■ **WHAT YOU HAVE TO DO**: Please output the section of the listing below that opens with the line containing "5516 Cedarbush Road" and closes with the line containing "hibiscus hydration testimonial 3", exactly and with nothing else.

■ **RECORDS FOR PROCESSING**:
+ + +
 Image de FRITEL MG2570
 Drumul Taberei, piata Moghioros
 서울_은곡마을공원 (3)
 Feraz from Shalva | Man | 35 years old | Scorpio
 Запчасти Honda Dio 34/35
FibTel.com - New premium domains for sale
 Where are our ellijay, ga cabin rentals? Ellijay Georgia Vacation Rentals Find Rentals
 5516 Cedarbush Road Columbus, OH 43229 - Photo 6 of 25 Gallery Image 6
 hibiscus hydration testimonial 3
+ + +
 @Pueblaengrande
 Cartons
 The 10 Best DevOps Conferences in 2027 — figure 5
+ + +
■ **YOUR SOLUTION**:
 5516 Cedarbush Road Columbus, OH 43229 - Photo 6 of 25 Gallery Image 6
 hibiscus hydration testimonial 3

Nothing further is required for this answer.